I also often note that adults think that children are not doing “anything important”, and so tend to interrupt them. I think this is another use of the word “work”, to imply that, if a child is sitting and watching a cricket, or drawing a line, or pouring water, to watch and see if it is “work”; i.e., something deserving respect and not interruption.

Of course, “play”, as in “play an instrument, or sport” is something that takes a lot of “work”, but, in our culture, “play” with children usually connotes “not much”: “just playing”!
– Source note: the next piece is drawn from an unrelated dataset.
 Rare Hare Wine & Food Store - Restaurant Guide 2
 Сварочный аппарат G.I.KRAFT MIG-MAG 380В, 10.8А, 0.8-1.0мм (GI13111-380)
If the room was “quiet” which I can’t imagine, it was because, at this time of year, everyone has generally learned how to come in, find something intriguing, and get to it, at least for a little bit at a time. I do think that there is a hum, a bit like a beehive! I think you asked about ages; we started with a brand new 2 up to a brand new 5, and our goal is about 6 2s, 6 3s, and rising Kinders. The classroom is multi-aged so that there are all abilities together (everyone is good at something, and learning something) and, mostly, so that the oldest children can be mentors to the youngest children. Over the three year cycle, everyone gets to go from being mostly a learner to being often a teacher. Oh, so, yes, the point is to commit, if you can, to three years, so that each child can end up as a triumphant teacher!

Anyway, I am off to bed, and I am quite sure that this is more than you ever wanted to know about anything, ever; I do love thinking about this stuff so!